British expats across three continents are outraged after losing their chances to vote in the Brexit referendum due to international postal chaos and the uncaring attitude of the UK’s Electoral Commission . Unacceptable delays and administrative errors have caused an as yet unspecified number of Brit expats living overseas to be denied the chance to voice their views.

Given that several million expats including those living, working and retiring in EU members states via the ‘free movement’ directive may well lose their rights to remain in their chosen countries once Britain’s withdrawal is complete, it’s easy to understand their fury. Postal ballots are attracting the most rage and the UK Electoral Commission is being accused of incompetence and an uncaring attitude towards expats.
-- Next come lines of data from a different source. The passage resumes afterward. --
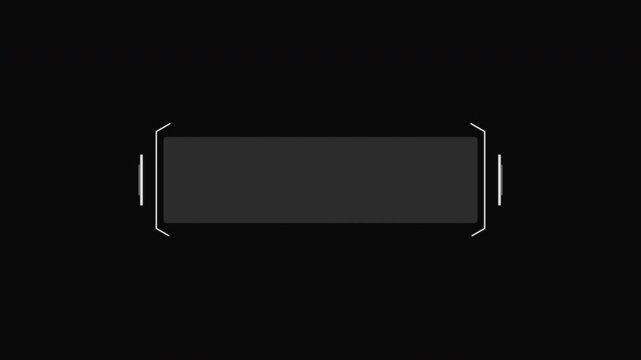 Hud tag title futuristic digital interface rectangular box frame ui element for video overlays, tech presentations, and science fiction title cards.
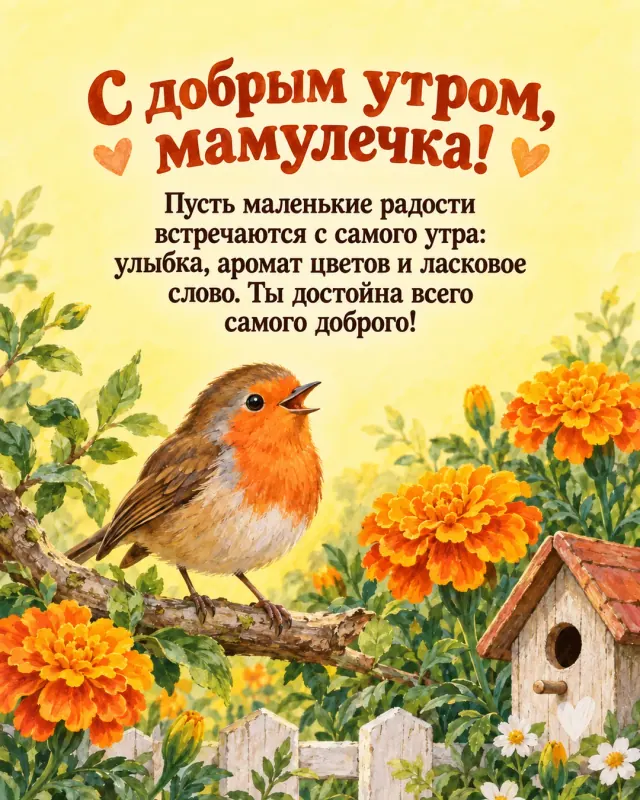 С добрым утром, мамулечка! — птичка в уютном саду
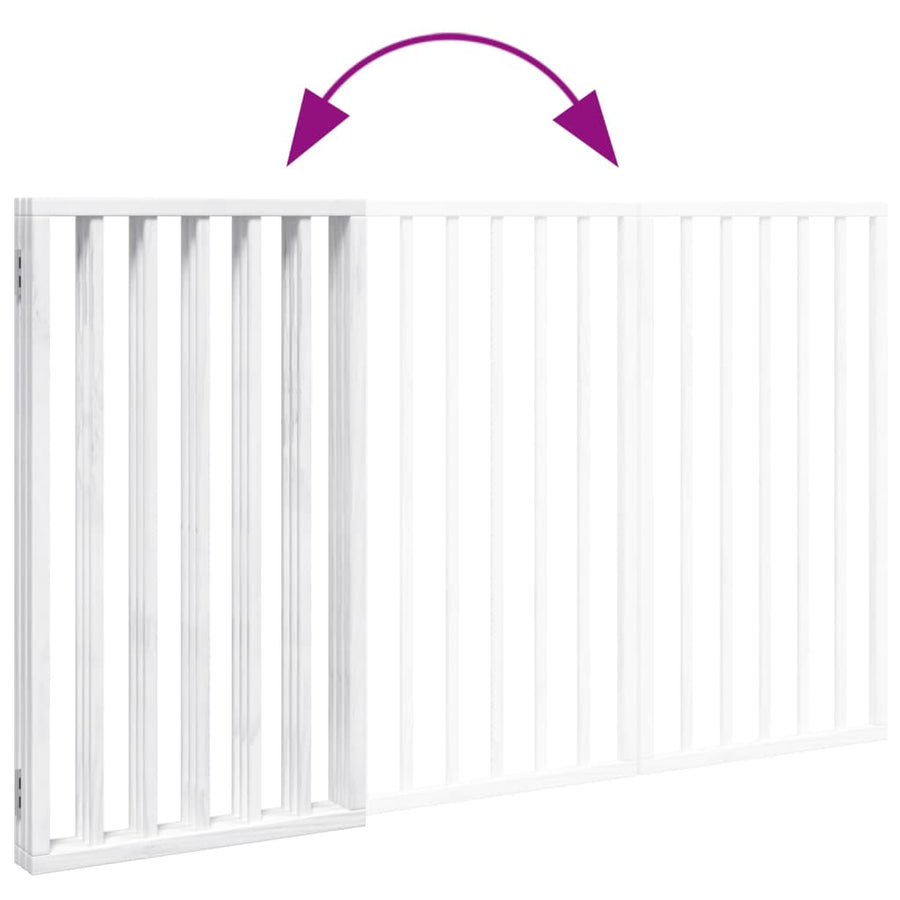 Hondenhek inklapbaar 3 panelen 150 cm populierenhout wit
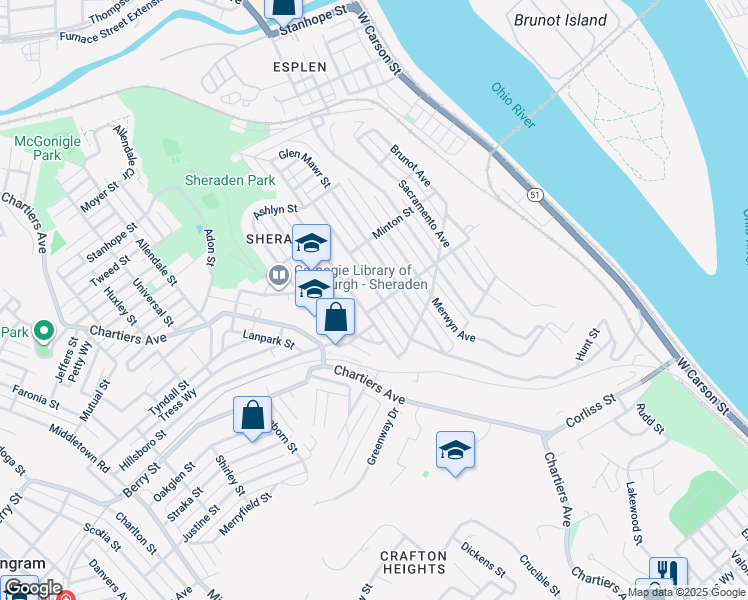 map of restaurants, bars, coffee shops, grocery stores, and more near 2906 Zephyr Avenue in Pittsburgh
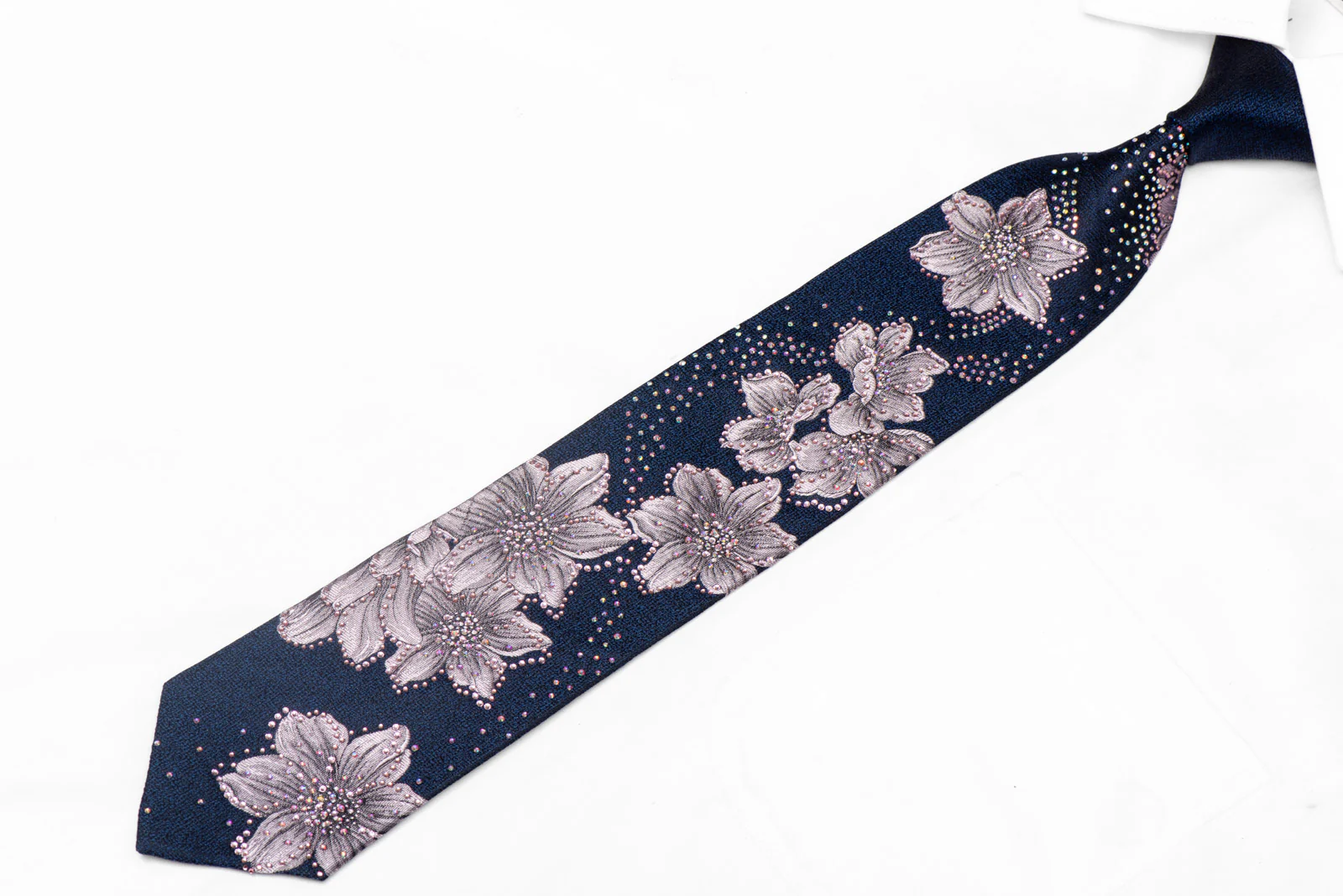 Pink Silver Floral On Navy Rhinestone Silk Tie - Image 2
Expats in France, Australia and Thailand have voiced complaints that postal ballots were not received, enquires about their whereabouts went unanswered and local post offices refused to use the free international business postal service used by the EC. Late arrivals of postal ballots were another problem, with many getting the form too late to return it.
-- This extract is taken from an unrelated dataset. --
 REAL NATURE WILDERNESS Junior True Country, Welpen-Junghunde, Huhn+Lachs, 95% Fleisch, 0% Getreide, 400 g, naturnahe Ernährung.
Another group which will be less than thrilled about the referendum result will be those expats who have lived overseas for more than 15 years, thus becoming disenfranchised. During the recent failed court battle to reverse the rule, a figure of over a million British citizens were said to be affected, the vast majority of whom would have voted Remain. Those voters, plus those who were unable to use their postal votes, may well have swung the result in the opposite direction.